However you can get to most places with a combination of bus and train!

The Isle of Anglesey actually has its own airport – unluckily for those living in the North West of England, it only flies to Cardiff. Great for the residents, but not so great for those needing to get to Liverpool. The closest airport otherwise is Hawarden near Flintshire, also known as Chester Airport (despite the fact that it isn’t in Chester, or even England), although it ceased to run commercial flights in the seventies.

Which leaves you with the nearest large commercial airports – Liverpool John Lennon and Manchester.

Getting to Snowdonia from Liverpool John Lennon Airport

By car it couldn’t be easier – simply take the M56 from Speke Boulevard, followed by the A553 and A557. Continue along the M56 and then take the North Wales Expressway (A55) to the A5 in Gwynedd. Take exit 11, and at the Llys Gwynt Interchange you take the first exist onto the A5 – and you’re pretty much there!

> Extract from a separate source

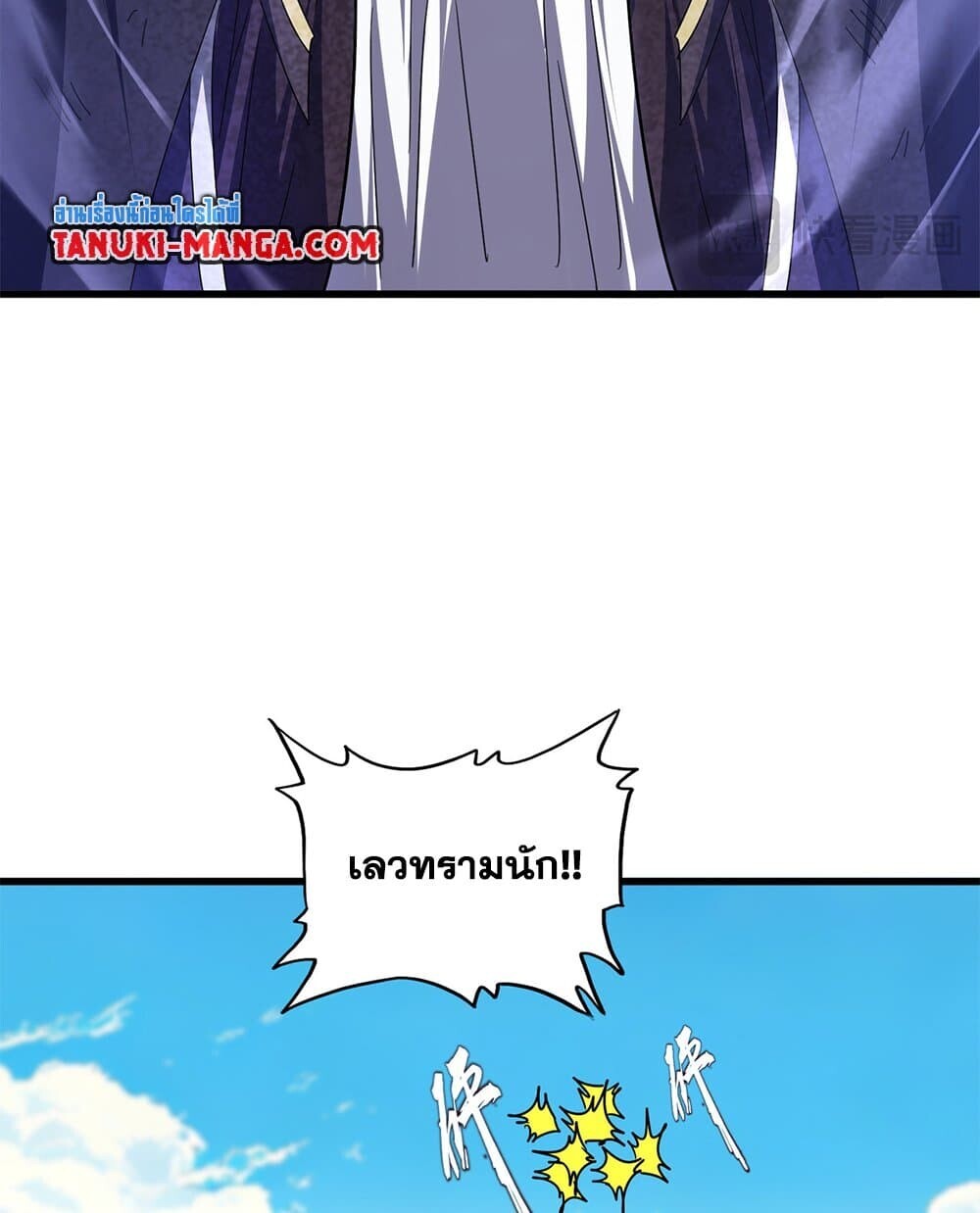 Magic Emperor ราชาจอมเวทย์ ตอนที่ 767 หน้า 39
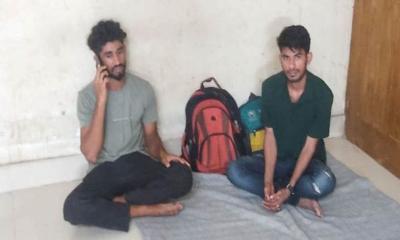 বড়লেখা সীমান্তে রোহিঙ্গাসহ ১০ জন আটক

By public transport it may be a bit of a journey! Take the 86 from the airport into Liverpool City Centre and head for Liverpool Central station. Take the Merseyrail train to Chester, then transfer to an Arriva train to Llandudno (about an hour). At this point you’re very close to the top end of the National Park, although you may need to take a few more buses to get where you need to be.

Getting to Snowdonia from Manchester Airport

By car, leave the airport to get onto the M56 and then follow it to the A5 in Gwynedd. Then take exit 11 from the A55 and at the Llys y Gwynt Interchange, take the first exit on the A5.

By public transport simply take the train from Manchester Airport directly to Crewe, from Crewe to Chester and then from Chester to Bangor via Arriva. Get the bus from the station into Bangor bus station, and then the 67A to Bethesda, getting off at Glanffrydlas.

Getting to The Isle of Anglesey from Liverpool John Lennon Airport

By car it can take as little as two hours. Simply get onto the M56 from Speke Boulevard, then the A533, followed by the A558 and A56 (Chester Rd). Follow the M56 to Holyhead rd and then the A55 to the Isle of Anglesey. After taking the A5 exit from theA55, jump on the A5114 and you’ve arrived.

Again, you’re facing a long journey by public transport. Take the bus from LJLA to Liverpool Central (the 500, 82 or 86 buses will suffice) and once again get the Merseyrail to Chester. Make the change to an Arriva train to Holyhead and get off in Bangor after around 70 minutes. The X4 to Holyhed will then take you straight to the middle of the island.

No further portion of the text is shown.